Requirement – Only the lines below starting at the one containing "What is midpoint" and ending at the one containing "All systems everywhere" belong in the answer, each copied exactly.

Input data –
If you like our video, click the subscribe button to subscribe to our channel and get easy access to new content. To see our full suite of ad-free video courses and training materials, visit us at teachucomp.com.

---

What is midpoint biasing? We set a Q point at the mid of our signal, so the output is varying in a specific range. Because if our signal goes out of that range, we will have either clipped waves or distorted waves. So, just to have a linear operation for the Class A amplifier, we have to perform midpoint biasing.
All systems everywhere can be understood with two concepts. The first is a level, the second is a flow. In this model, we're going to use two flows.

Result of this task –
What is midpoint biasing? We set a Q point at the mid of our signal, so the output is varying in a specific range. Because if our signal goes out of that range, we will have either clipped waves or distorted waves. So, just to have a linear operation for the Class A amplifier, we have to perform midpoint biasing.
All systems everywhere can be understood with two concepts. The first is a level, the second is a flow. In this model, we're going to use two flows.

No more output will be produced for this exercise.